Mais uma virada à esquerda, até a universidade dinamarquesa de Aarhus, que desde 1994 mantém o Centro de Estudos e Documentação Jorge Luis Borges (com páginas também em espanhol), analisando sua obra em relação à filosofia (epistemologias transversais), à semiótica e à literatura comparada. Em "Por quê Borges", faz um elogio rasgado daquele que é considerado o mais importante erudito deste século: "Ontologias fantásticas, etimologias transversais, genealogias sincrônicas, gramáticas utópicas, geografias novelescas, múltiplas histórias universais, bestiários lógicos, silogismos ornitológicos, éticas narrativas, matemáticas imaginárias, thrillers teológicos, nostálgicas geometrias e lembranças inventadas são parte da paisagem imensa que as obras de Borges oferecem (...)".

Porém, se voltar às páginas latino-americanas na Web, o leitor recordará que Borges não queria ser lembrado por seus escritos, mas por suas leituras ("Que outros se jactem das páginas que tenham escrito, eu me orgulho das que tenha lido"). Dobre então outra vez à esquerda, apontando por instantes o navegador para a página francesa "Homenagem a Borges", que anuncia para 12/1999 uma conferência sobre a faceta ensaísta do escritor, na sede da Unesco em Paris.
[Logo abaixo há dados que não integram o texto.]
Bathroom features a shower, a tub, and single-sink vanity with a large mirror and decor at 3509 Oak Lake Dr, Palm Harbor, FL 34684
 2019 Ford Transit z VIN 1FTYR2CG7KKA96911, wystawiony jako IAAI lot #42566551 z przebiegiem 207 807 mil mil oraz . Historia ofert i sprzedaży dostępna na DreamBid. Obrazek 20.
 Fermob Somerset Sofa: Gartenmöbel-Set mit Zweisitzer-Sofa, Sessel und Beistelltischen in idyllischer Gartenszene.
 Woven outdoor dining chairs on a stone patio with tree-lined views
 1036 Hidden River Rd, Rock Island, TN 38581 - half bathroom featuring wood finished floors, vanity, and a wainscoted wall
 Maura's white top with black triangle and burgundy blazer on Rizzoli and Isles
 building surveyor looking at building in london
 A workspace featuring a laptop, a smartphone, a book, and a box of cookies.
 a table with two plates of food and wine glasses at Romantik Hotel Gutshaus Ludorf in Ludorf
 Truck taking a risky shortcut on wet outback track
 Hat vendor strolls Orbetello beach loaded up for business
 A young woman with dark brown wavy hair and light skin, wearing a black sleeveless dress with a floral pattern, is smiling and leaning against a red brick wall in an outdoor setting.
Site francês sobre o famoso escritor
Continue virando à esquerda, e siga em frente pelas páginas de "The Garden of Forking Paths", site francês (mas com texto em inglês) inspirado em livro com esse título. Nessas páginas Web, junto com imagens raras e/ou curiosas (a primeira biblioteca, Borges e o Aleph...), análises, vínculos para outros endereços e biografia, há também uma ampla análise das influências literárias que o escritor recebeu e transmitiu. Você sabia que até o proscrito Salman Rushdie, autor de Os Versos Satânicos, e o recém-descoberto José Saramago, foram bastante influenciados pelos textos do escritor argentino?

Em vez de escrever 500 páginas para desenvolver uma idéia que, numa conversa, poderia ser apresentada em poucos minutos, Borges gostaria de imaginar que todos os livros já estão escritos: ele apenas acrescentaria observações na contracapa. Então, aproveite para ver a resenha dos livros que Borges nunca leu, pois até os autores citados são imaginários. Está em The Crimson Hexagon.

Outras páginas – Adeus, Ariadne, o fio que conduzia o leitor vai se partir. Depois de ter dobrado essas quatro vezes à esquerda, perca-se no labirinto da biblioteca eletrônica mundial Internet, encontrando aqui e ali outras páginas sobre o escritor argentino, falecido em 14 de junho de 1986. Veja, por exemplo, dois de seus poemas.

E, em muitas das páginas - como nas das universidades brasileiras USP e Unicamp - encontrará decerto a citação: "Se eu pudesse viver novamente(..) correria mais riscos, viajaria mais. Contemplaria mais entardeceres, subiria mais montanhas, nadaria mais rios, iria a mais lugares onde nunca fui (..)".